* _Exercise details_:
From the line containing "What is Intercostal drainage ?" to the line containing "種植牙可以用多久？維持時(shí)間" in the entries below, reproduce every line exactly, ends included. Nothing else belongs in the copy, and no pictures.

Data extracted from a collection
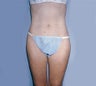 Smart Lipo
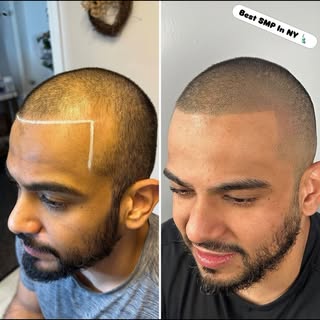 Density Fill SMP NYC | Scalp Micropigmentation for Thinning Hair in New York

Density fill scalp mic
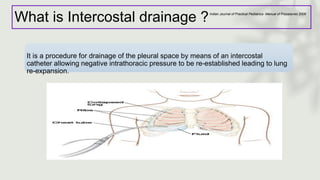 What is Intercostal drainage ?
It is a procedure for drainage of the pleural space by means of an intercostal
catheter allowing negative intrathoracic pressure to be re-established leading to lung
re-expansion.
Indian Journal of Practical Pediatrics- Manual of Procedures 2008
 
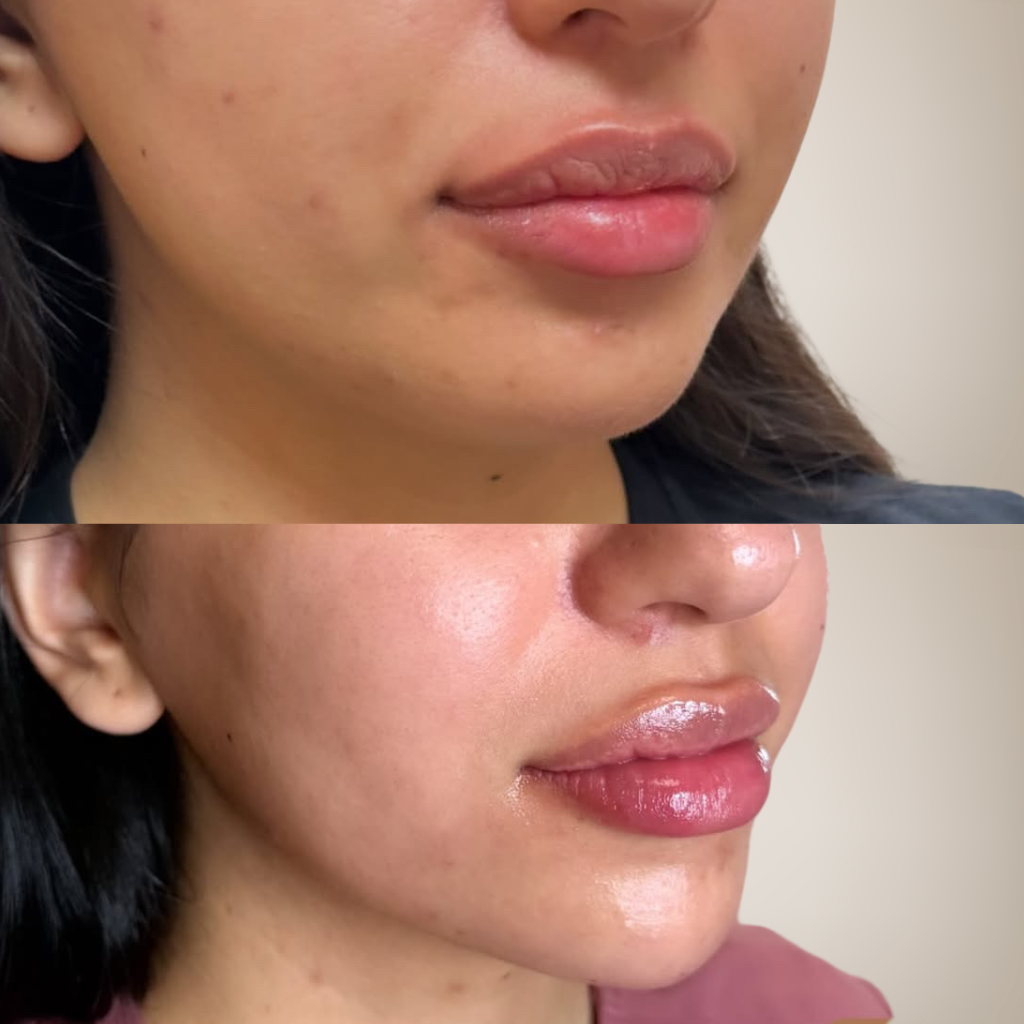 before-and-after-lip-filler-after-dissolving.png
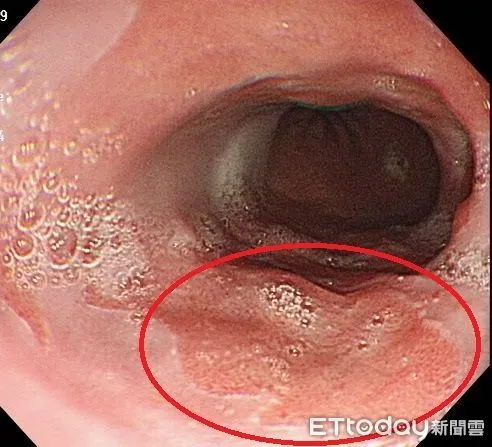 ▲他照胃鏡驚現「一整片鮭魚色」　醫警告：是癌前病變。（圖／張靖醫師授權提供）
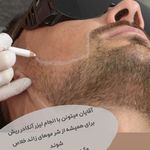 مرکز لیزر ،پوست و زیبایی کندی بیوتی
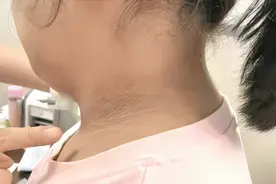 小胖娃脖子上一圈黑、洗不掉？小心是“黑棘皮病”，需要减重图片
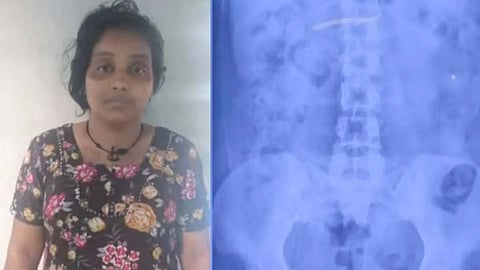 Nilambur native arrested for stealing child's gold necklace and swallowing it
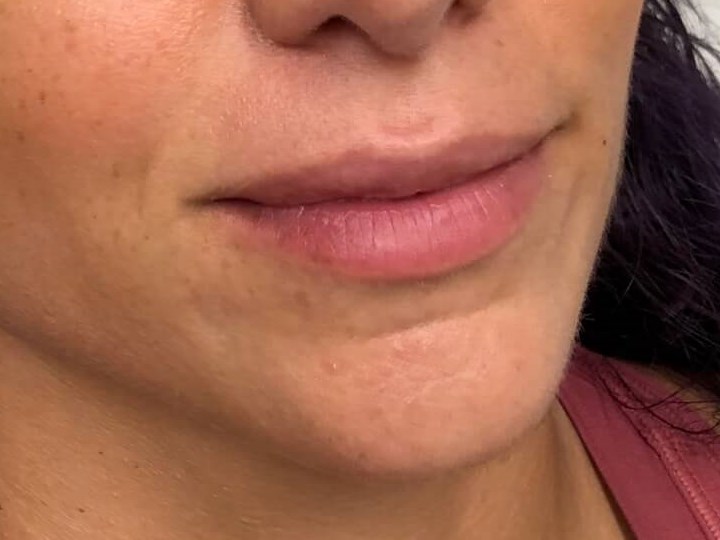 Juvederm Ultra Lips Female Before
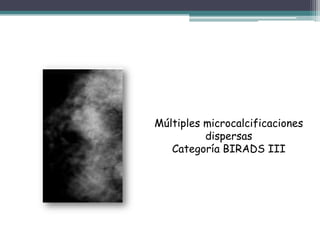 Múltiples microcalcificaciones
          dispersas
   Categoría BIRADS III
 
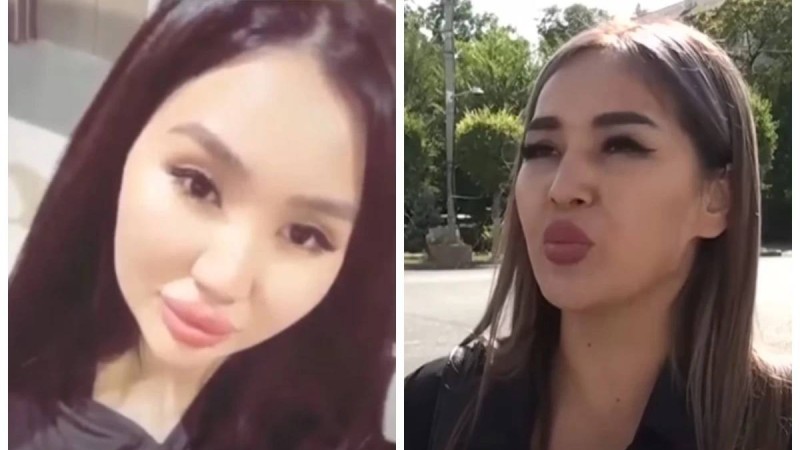 "Адам емессіңдер, жауап бересіңдер дейді": Таразда арнайы білімсіз ота жасап, сотталған косметолог жәбірленушіге хабарласып қорқытып жүр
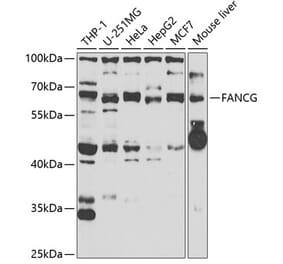 Western Blot - Anti-FANCG Antibody (A11935) - Antibodies.com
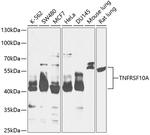 DR4 Antibody in Western Blot (WB)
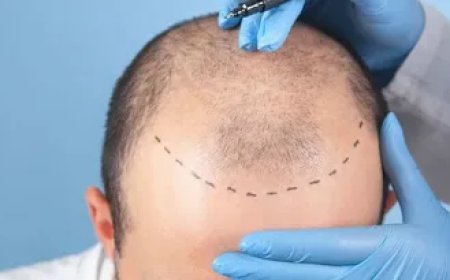Can DHI Help Improve Your Hair Density?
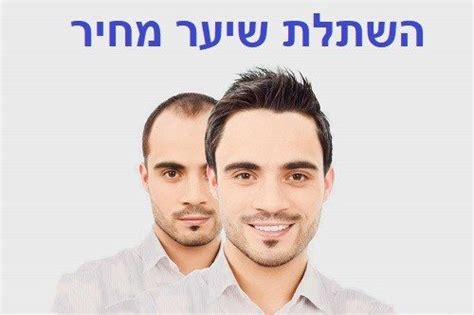 כמה יעלו הכרטיסים ואיפה ניתן לקנות? בלוג השתלת שיער בטורקיה- המדריך המקיף ביותר לפני טיסה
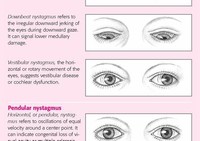 Nystagmus (Involuntary Rapid eye Movements)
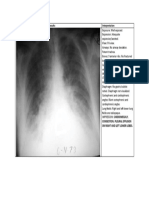 Chest X-Ray Cardiomegaly Pleural Effusion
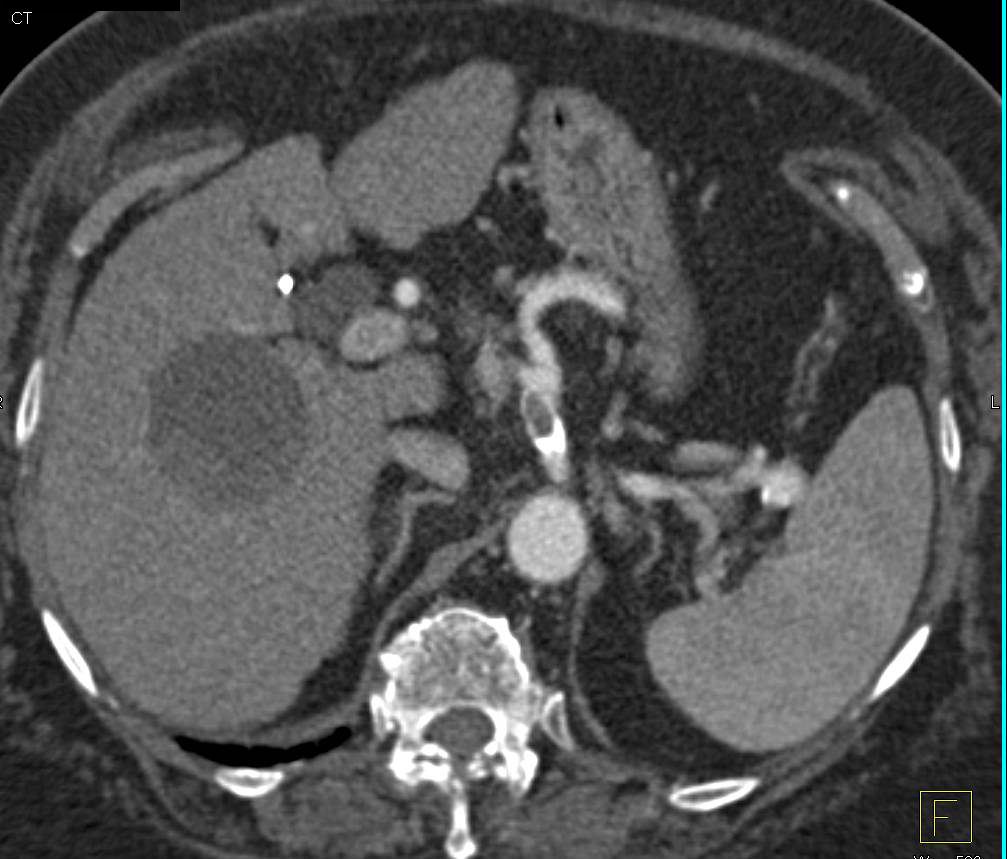 Clot in the Celiac Artery - CTisus CT Scan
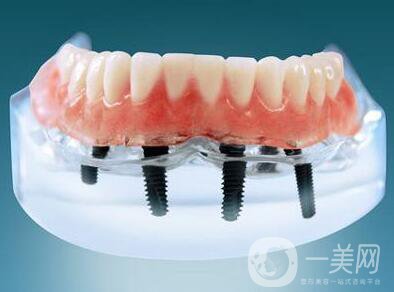 種植牙可以用多久？維持時(shí)間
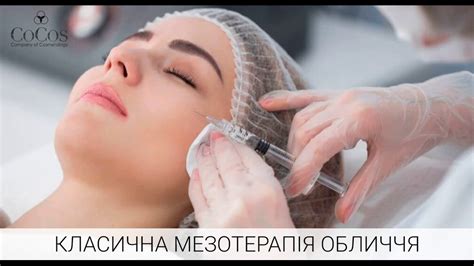 Классическая мезотерапия лица - YouTube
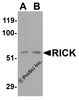Western blot analysis of RICK in (A) 3T3 and (B) K562 cell lysate with RICK antibody at 0.5 μg/mL
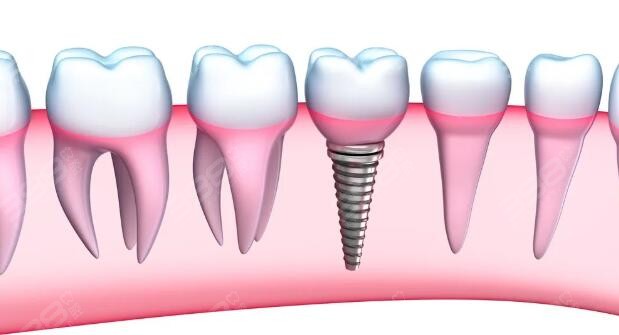建议镶牙不建议种植牙
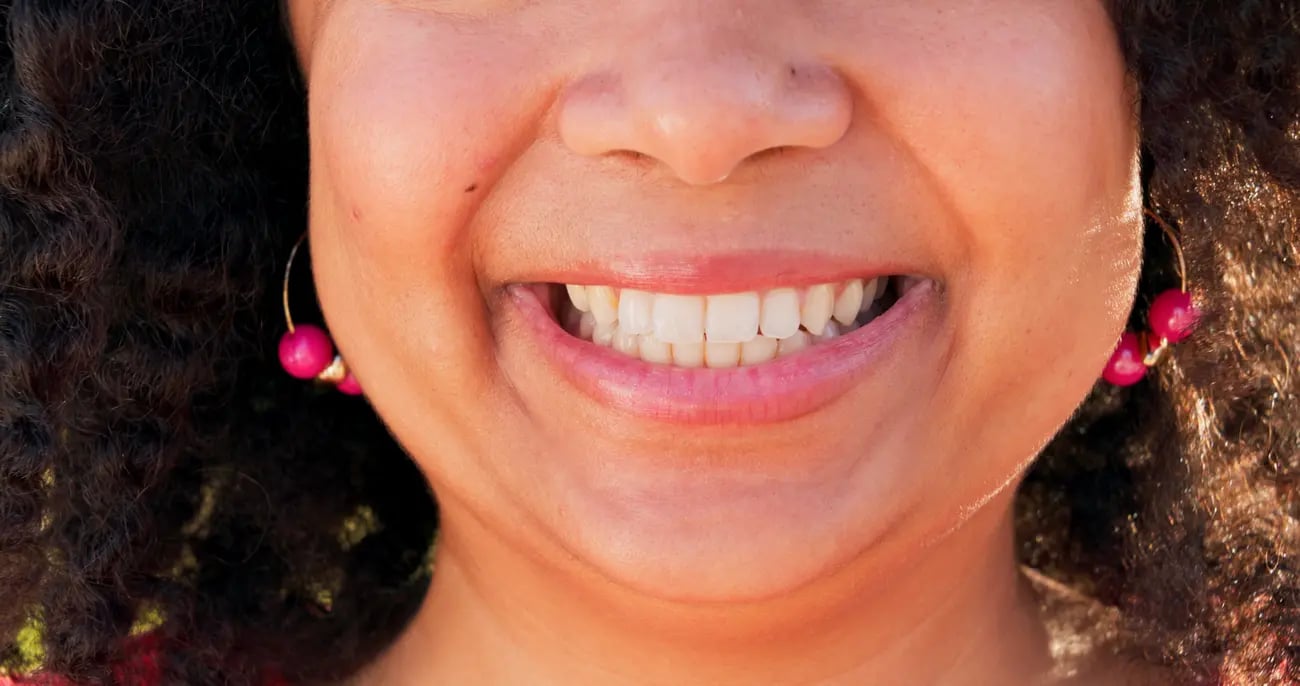 Ropień okołozębowy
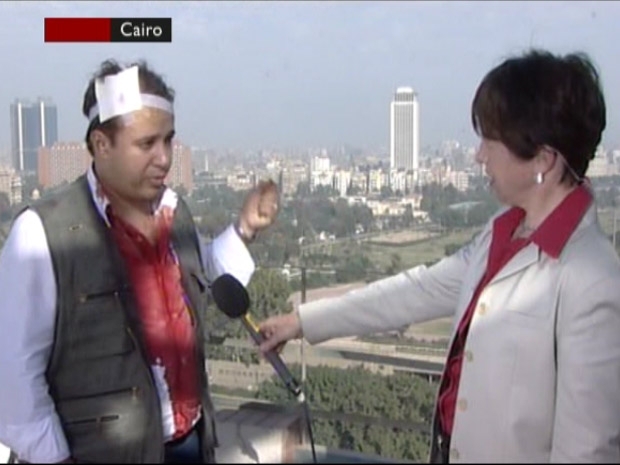 Reprter da BBC El Sawey, com a camisa manchada de sangue e atadura na cabea
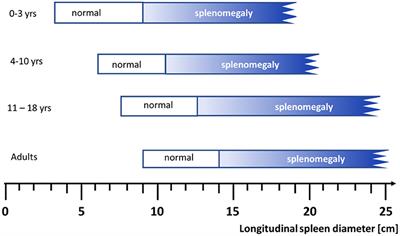 Splenomegaly in Children and Adolescents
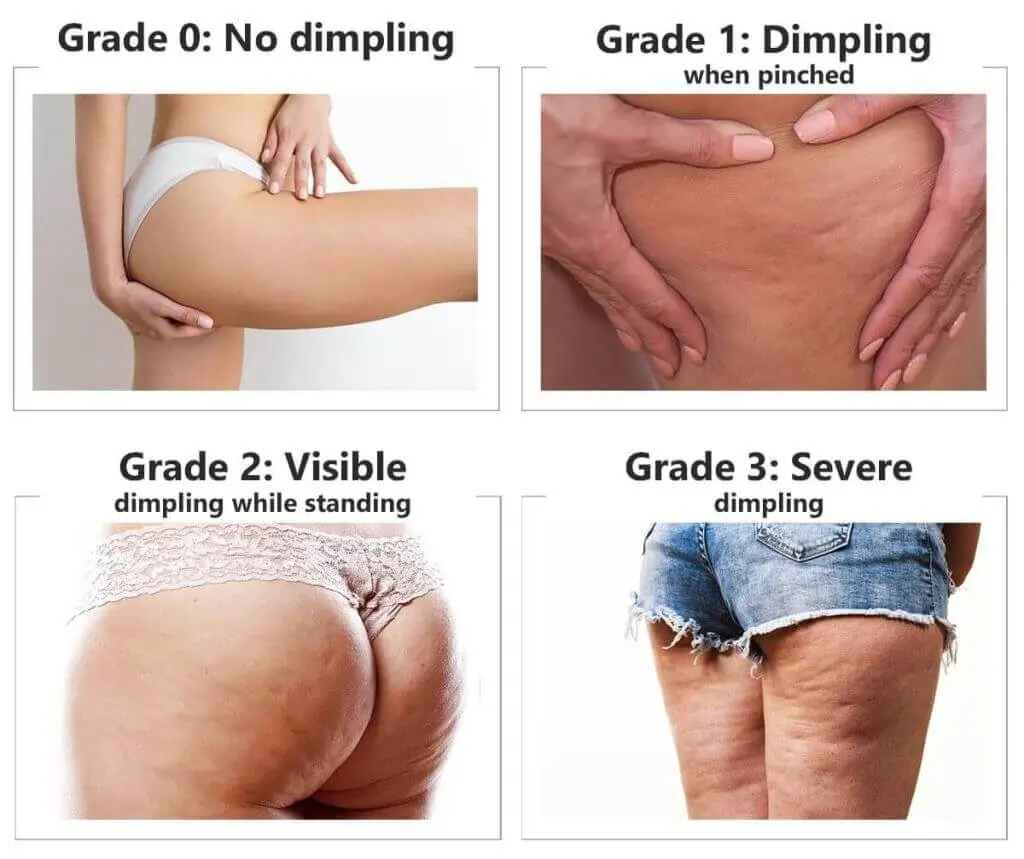 Representation of the stages of cellulite development Royal Wootton Bassett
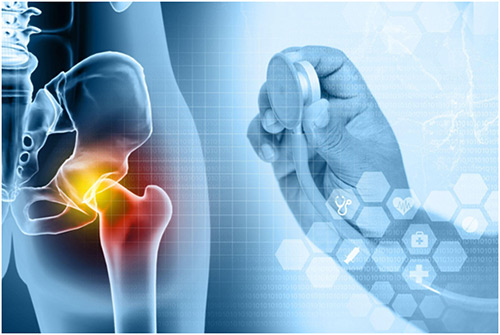 Revolutionizing Hip Replacement Surgery: Cutting-Edge Innovations and Breakthroughs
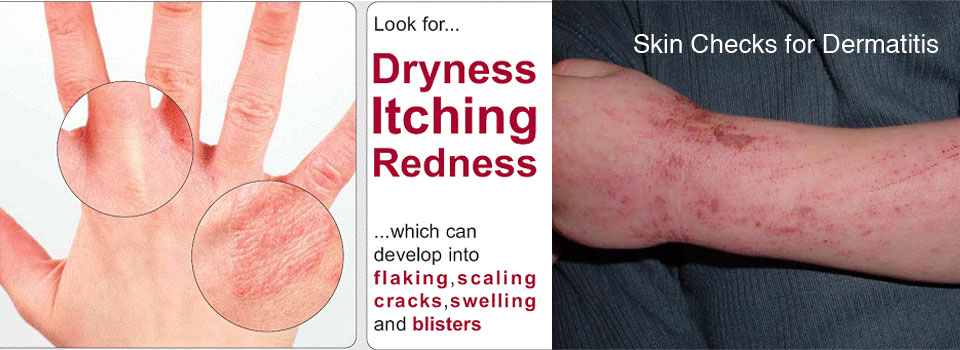 skin-checks-for-Dermatitis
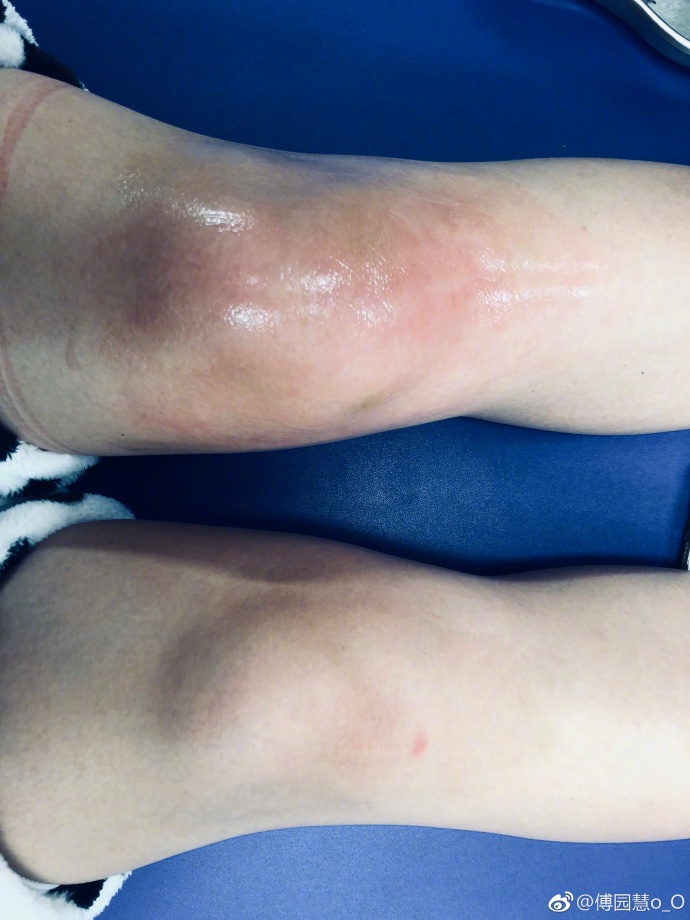 从想退役到拿下亚运银牌,傅园慧的洪荒之力还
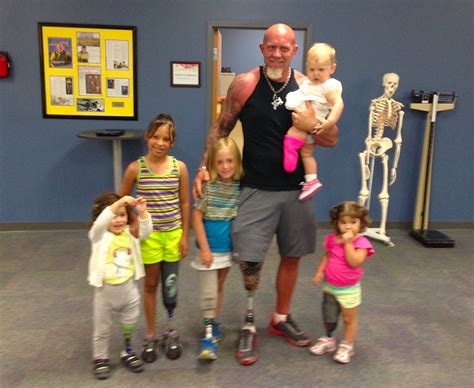 Steve Chamberland Helps Amputee Children Prosthetic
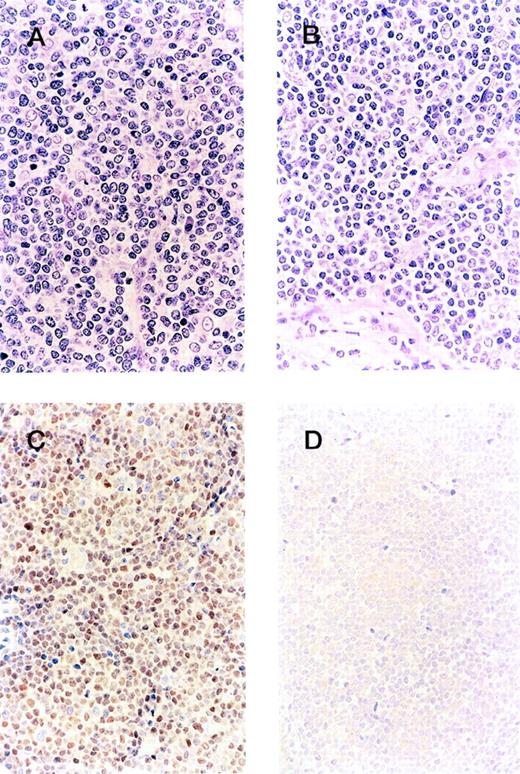 Fig. 1. Clinicopathologic boundary of mantle cell lymphoma. Although the morphology of the cyclin D1-positive group (A) and -negative group (B) is indistinguishable, the patient from the former group shows cyclin D1 overexpression (C), whereas the latter is negative for cyclin D1 (D).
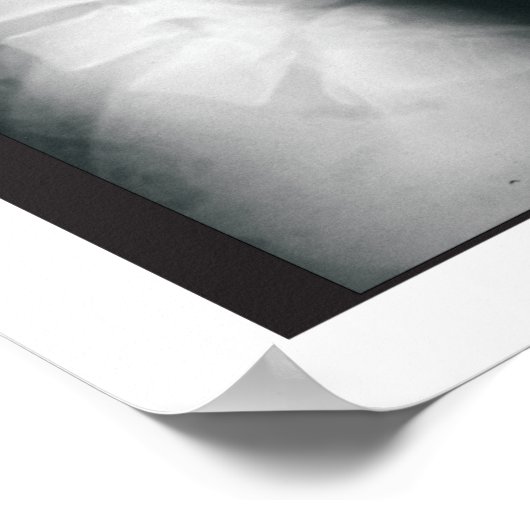 Phases Lumbar Spinal Degenerations Poster (Ecke)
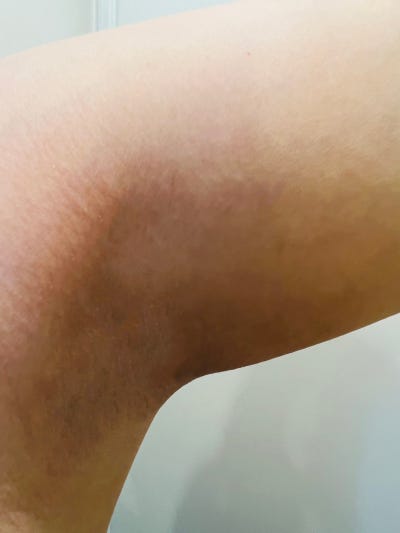 분당 부유방 병원 직원도 부유방 수술을 맡기는 병원 사진 3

* _Output for this exercise_:
 What is Intercostal drainage ?
It is a procedure for drainage of the pleural space by means of an intercostal
catheter allowing negative intrathoracic pressure to be re-established leading to lung
re-expansion.
Indian Journal of Practical Pediatrics- Manual of Procedures 2008
 
 before-and-after-lip-filler-after-dissolving.png
 ▲他照胃鏡驚現「一整片鮭魚色」　醫警告：是癌前病變。（圖／張靖醫師授權提供）
 مرکز لیزر ،پوست و زیبایی کندی بیوتی
 小胖娃脖子上一圈黑、洗不掉？小心是“黑棘皮病”，需要减重图片
 Nilambur native arrested for stealing child's gold necklace and swallowing it
 Juvederm Ultra Lips Female Before
 Múltiples microcalcificaciones
          dispersas
   Categoría BIRADS III
 
 "Адам емессіңдер, жауап бересіңдер дейді": Таразда арнайы білімсіз ота жасап, сотталған косметолог жәбірленушіге хабарласып қорқытып жүр
 Western Blot - Anti-FANCG Antibody (A11935) - Antibodies.com
 DR4 Antibody in Western Blot (WB)
Can DHI Help Improve Your Hair Density?
 כמה יעלו הכרטיסים ואיפה ניתן לקנות? בלוג השתלת שיער בטורקיה- המדריך המקיף ביותר לפני טיסה
 Nystagmus (Involuntary Rapid eye Movements)
 Chest X-Ray Cardiomegaly Pleural Effusion
 Clot in the Celiac Artery - CTisus CT Scan
 種植牙可以用多久？維持時(shí)間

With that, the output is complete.